Esto sucede por diversas razones. Primero, el Currículum Nacional Base (CNB) de nuestro país está estructurado de tal manera que el estudiante de primer año de secundaria es forzado a leer obras guatemaltecas para cumplir lo establecido en el pensum de Comunicación y Lenguaje, por lo cual, fomentar el gusto por los libros casi siempre se vuelve un rotundo fracaso.
Si bien no tengo nada en contra de la producción literaria hecha por autores nacionales, varias de estas obras son demasiado complejas para un adolescente de trece años. Por ejemplo, leer a esa edad El mundo del misterio verde de Virgilio Rodríguez Macal podría resultar abrumadoramente tedioso. Empero, sería mejor que leyeran obras con temáticas universales mucho más digeribles para el alumno que cursa ese grado, como las que se abordan en algunas obras clásicas, como las de Charles Dickens, Julio Verne, Horacio Quiroga, Edgar Allan Poe o incluso algunas de Oscar Wilde que podrían resultar una mejor opción antes que obligarlos a leer a Miguel Ángel Asturias, Enrique Gómez Carrillo o al mismo Rodríguez Macal.

Sin embargo, habrá que esperar un milagroso gesto de voluntad política para que se hagan reformas de fondo y forma al CNB de todas las materias. O algo menos ambicioso: que nosotros los adultos fomentemos la lectura predicando con el ejemplo (es decir, leyendo) y que los docentes desafíen todo lo establecido en esa malla curricular elaborada por gente que tal vez padece disonancia cognitiva.
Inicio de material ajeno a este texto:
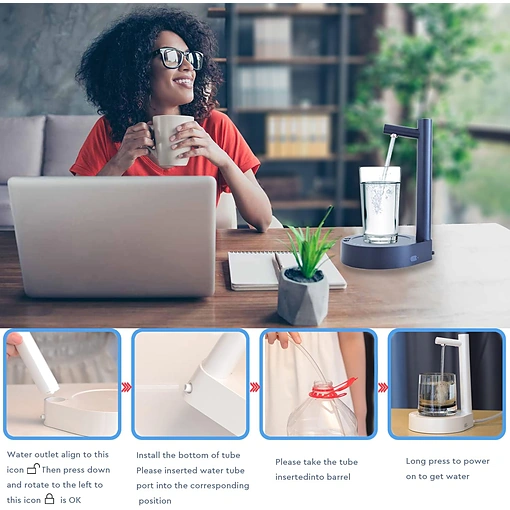 موزع مياه كهربائي محمول يعمل بالشحن – USB Type-C – بطارية 1800mAh - صورة 11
Por medio de esa ruta, el sueño de un país de lectores empieza a parecerme posible.

¿Quién es María Alejandra Guzmán?

2 Comentarios Agrega el tuyo

  1. Lybny dice:

    Excelente artículo…Ma. Alejandra.
    Dejar ser a los niños y a los jóvenes con la lectura es un buen principio. Se puede como adulto o como docente, salirse de los esquemas tradicionales de la obligatoriedad y dejar que los iniciados en la lectura descubran por sí mismos otros mundos. Las bibliotecas o librerías abiertas, ofrecen infinidad de oportunidades de elección para prestar o comprar. La lectura no tiene por que ser un castigo, debe ser siempre un placer!!!

    1. María Alejandra Guzmán dice:

      Totalmente de acuerdo con su punto de vista. Obligar a leer un determinado texto a un estudiante de primaria y/o secundaria no es el camino a tomar si queremos motivar a los niños a leer. El camino más efectivo y hermoso es permitir que el alumno lea lo que guste, poco a poco irá conociendo la literatura a profundidad, pero todo es cuestión de tiempo. Saludos.